All three replied that they would not comment on the record. One explained that she would get "in trouble" if she said what the really thought about the matter. Silence seems to be the almost universal response—for now—of Catholic sisters in the U.S.
Many in this country, both Catholics and non-Catholics, perceive this silence and the investigation itself as an example of over regulation. Sound familiar?
In the church, in government and in sports, there will always be a tension between let the athletes play and the need for referees to maintain control of the game. Or, to put it another way, without regulation the game tends to unravel, and with too much regulation athletes are prevented from playing their game.
The Catholic leaders in Rome, in my view, are calling the game much too closely, squelching the creative Spirit at work in the American church.
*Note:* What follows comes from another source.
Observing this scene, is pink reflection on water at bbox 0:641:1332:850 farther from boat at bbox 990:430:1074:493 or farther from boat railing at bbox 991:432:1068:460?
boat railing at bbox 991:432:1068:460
That's a concern. Another concern is that some may want to over react by advocating that the game would be better if there were no referees at all. As an observer of religion for a long time, Protestants have shown that when there are no authorities defining limits, the game fragments into literally hundreds of smaller games which wind up eventually needing to elevate somebody as the authority they look to in order to keep their little game from completely disintegrating.
Finding the right balance between authority and autonomy is a tricky challenge indeed.